In one of the early chapters I told the story of the “present absentees” among the Palestinians in Israel. One may also say, without any risk of grave error, that the Jewish majority in Israel treats all its Palestinian citizens as absent presences. This is how they are conceived, and how they are depicted in the media — as a collective absence, as a group that exists but is faceless and nameless, of uniform traits, most of them negative. If in 1948 the Palestinians in Israel were “those that are not but actually are,” they have over the years turned into “those who are but actually are not.”

Now, in these past months, I have had a growing feeling that in some subtle and complex way this attitude has been internalized by the Palestinians in Israel themselves, and has even in some turned into a sophisticated defense mechanism against the disappointments with which the state has surrounded them. Yes, sometimes it seems to me that there are those among them who find their absent presence useful. They cloak themselves in it, to shield themselves from the face that the state presents to them — a clenched face that pursues them always, the face of a stingy and suspicious hotel proprietor.

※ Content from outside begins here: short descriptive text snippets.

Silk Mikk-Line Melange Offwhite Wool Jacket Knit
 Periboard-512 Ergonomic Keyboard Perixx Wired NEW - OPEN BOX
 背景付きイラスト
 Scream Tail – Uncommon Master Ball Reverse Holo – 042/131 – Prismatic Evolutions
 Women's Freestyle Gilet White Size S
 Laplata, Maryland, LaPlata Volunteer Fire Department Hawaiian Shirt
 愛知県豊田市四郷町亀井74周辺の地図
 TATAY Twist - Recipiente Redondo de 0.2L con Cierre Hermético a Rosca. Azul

What is so depressing, so ingrained in the relations between us, the Jews in Israel, and them? Maybe it’s that the state of the Palestinians in Israel is so convenient for us Jews. It is convenient for us, pure and simple. It is easier for us to operate in such a complex situation when “our” minority is so passive. It is easy for us to postpone any real and penetrating confrontation with ourselves when there is such a partner. “What an ideal minority!” sociologist Majed Elhaj sneered bitterly. “The quietest minority in the world.”